Bimaristan: Islamic roots of modern hospitals
While in Europe in the Middle Ages, patients were expelled to special institutions outside the city gates, in which they were isolated from society and, mainly, depended on the mercy of wealthy benefactors, a different approach to patients was cultivated in the Islamic world, writes Dunya Ramadan.
If you read the descriptions of Arab and Persian travelers , doctors and scientists, you get the impression that hospitals in the Islamic world sometimes resembled more luxurious rehabilitation centers or spiritual oases of well-being.
Arab poet and traveler Ibn Jubair(1145-1217) compared al-Muqtadiri hospital on the banks of the Tigris River to “a royal palace where all the amenities are offered.” During this period, hospitals or bimaristans in large Muslim metropolises such as Damascus, Cairo, Cordoba, Baghdad, experienced their heyday. The name “bimaristan” comes from Persian and can be translated as “home of the sick.” Under the Abbasid caliph Harun al-Rashid (763-809), Baghdad is said to have had several hundred hospitals. The high ethical standards applied in them make them the forerunners of modern treatment centers. It offered not only free treatment and medicine, but also food and accommodation in clean rooms. Hospitals were secularly run, with doctors treating all people regardless of ethnicity or religion. By law, they were forbidden to refuse the disadvantaged or travelers. In addition to Muslims, Jewish and Christian doctors also worked in hospitals.
The charter of the bimaristan Kalown, built in the 13th century. by the Mamluk Sultan Kalown in Cairo, states: “The hospital should hold all patients, men and women, until they are fully recovered. All costs are borne by the hospital, whether people come from far away or not, whether they are locals or foreigners, strong or weak, low or high, rich or poor, employed or unemployed, blind or sick, physically or mentally ill, educated or illiterate. “
Spanish professor Victor Palleha de Bustinza writes in National Geographic History magazine that both the rich and the poor in Baghdad could be operated on by great physicians such as the Persian physician Abu Bakr Muhammad ibn Zakariya al-Razi .
Bimaristans were divided into separate wards and departments, for example, infectious, eye diseases, for surgical and non-surgical cases. Al-Razi established the first psychiatric ward in a hospital in Baghdad, although Christendom at the time believed that mentally ill people were possessed by the devil. Men and women were housed separately and looked after by male and female staff, respectively. Most hospitals were located in close proximity to universities, so medical students accompanied doctors on rounds and took medical records.
Physicians at that time attached great importance to the mental health of patients. This was also reflected in the design and atmosphere of the bimaristans, which can be found in descriptions of contemporaries or seen in surviving hospitals in Damascus or Cairo. The fountain in the green courtyard, the splash of water and the warm rays of the sun were supposed to have a calming effect on the patients. In hospitals, treatment was carried out with the help of music, for which they had their own regular musicians. Some descriptions of bimaristans also mention the scent of jasmine flowers.

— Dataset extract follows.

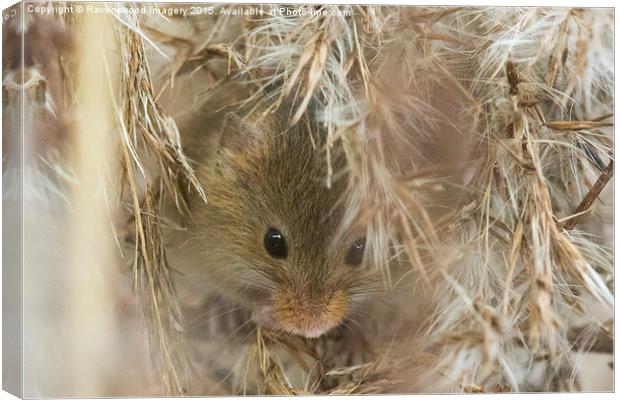  Mouse Nest Canvas Print by Ravenswood Imagery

Muslim doctors knew about hygiene. Before the construction of a new hospital in Baghdad, the Abbasid Caliph al-Muqtafi (875-908) asked al-Razi to find the best place for it. He hung out pieces of fresh meat in various parts of the city, and a few days later checked the degree of spoilage. The place where the meat was least rotted was named by ar-Razi the most suitable for the new bimaristan.
This almost utopian system functioned thanks to waqfs – charitable foundations. Paying zakat or compulsory charity is a religious duty of Muslims and is considered one of the five pillars of Islam. Thus, public hospitals were funded mainly by donations from wealthy philanthropists.